Private Cloud Course Planning Meeting

Last week we held our planning meeting for our upcoming private cloud course. The main purpose of that meeting was to nail down the content we wish to cover in the four day class. In attendance were the course author, Arnold Villeneuve, the Learning Tree Product Manager and myself as technical editor. We worked long and hard over three days trying to spec out the best course possible. We received quite a bit of feedback via email (and other) that we have attempted to incorporate into the course. Thank you to those who commented.

At the top of the list, predictably, was security. While this private cloud course was not originally intended to be another course on cloud security it is pretty clear that is still very much at the top of people’s minds. This seems to be especially true for people considering a private cloud solution. Therefore we have decided to include an overall emphasis on security in our course treatment of private cloud computing.

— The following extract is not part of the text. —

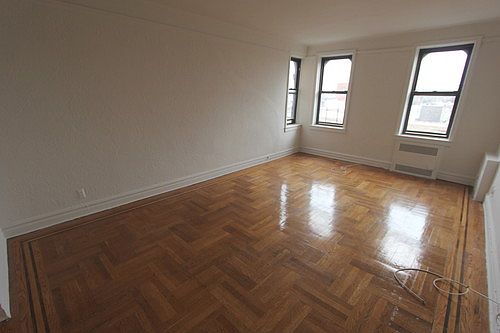 1st image of 4554 41st St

We plan to spend a couple of hours on day one discussing the business motivations for private cloud. We expect that there will be attendees who have only partially thought out reasons for wanting to implement a private cloud. You want to build a private cloud and we are here to help you. But, first, let’s talk about why.

Once we have decided that a private cloud is right for us what are the options?

  1. Build your own and host it on-premises
  2. Have a third party host your private cloud

In the course we will consider both of these. We will have hands-on exercises which explore off-premises private cloud solutions that are available from a number of hosters. We will also have the students build their own private clouds using classroom hardware and software.

We now have to make some hard technical decisions. What specific technologies will we cover?

For our on-premises private clouds we plan to feature OpenStack and Microsoft Hyper-V. This decision was made after careful consideration of a number of other options. Our goal was to feature two very different solutions: one open source and one proprietary. We also had some pretty interesting discussions about VMware and virtualization vs. true cloud computing. I can’t wait to hear from the VMware fans! Anyway, in the end, we wanted to stress that this is not a course on any one particular technology but rather it is a course on private cloud computing in general.

The course should be available to the public early next year. Look for it in your brochures and on our website soon!